Once published, I logged into Google Docs, and saw that the spreadsheet for my sample meeting, where I was the only attendee, had sharing permissions set to “only the people listed below” but to my horror saw that the app developer added THEMSELF as a shared person on the document. If that wasn’t bad enough, they added themselves as an EDITOR to the document:
I couldn’t believe that the developer would pull such a blatant move. I immediately [left feedback on Google Play](https://play.google.com/store/apps/details?id=com.ean.scrumtimer&reviewId=10165753931568085562 and uninstalled the app. Then I reinstalled it to grab screenshots.
App Permissions
When you install the app, it tells you about the following permissions:
- modify/delete USB storage
- take pictures and videos
- full internet access
- act as an account authenticator, use the authentication credentials of an account
- read contact data
- view network state
- discover known accounts
On the surface, those permissions seem fine, given the published list of features of the application. Namely, it would use your contacts to add people to meetings, it could take a picture of who was at the meeting, needs Internet access to publish notes online, and needs access to your Google account to push to Google Docs. I suppose it needed access to your USB data in order to save notes to your device.

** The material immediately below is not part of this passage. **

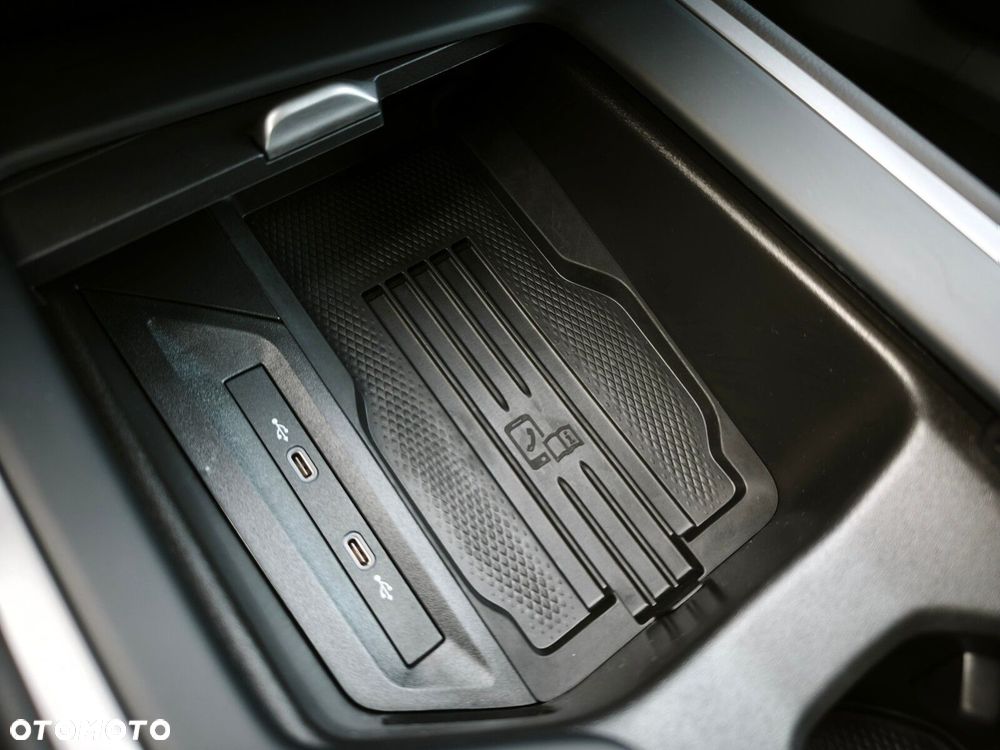 Volkswagen Passat Variant 1.5 TSI EVO Business DSG - 21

Version 1.3.3 of the app, published March 2, 2012, says it fixed a few defects and removed unnecessary user permissions. As of version 1.3.1, it said it was no long ad-supported yet maintains a full name of “Scrum Master Assistant (adware)”, and added the Google Docs integration.
The Description of the app says this:
**** No Ads ****
**** Publish reports to Google Docs (Beta) ****
**** Adapted for tablets ****
The application will help Scrum Masters at daily Scrums to gather
impediments and help team members stay focused, restrict the meeting
duration to 15 minutes. Every meeting is immediately followed by a
scrum report with all the collected issues and meeting details to
show who was too talkative.
Features
- Meeting duration timer and timer for every participant to keep
everyone focused on agenda
- Participant details, photo can be imported from Phone Contacts.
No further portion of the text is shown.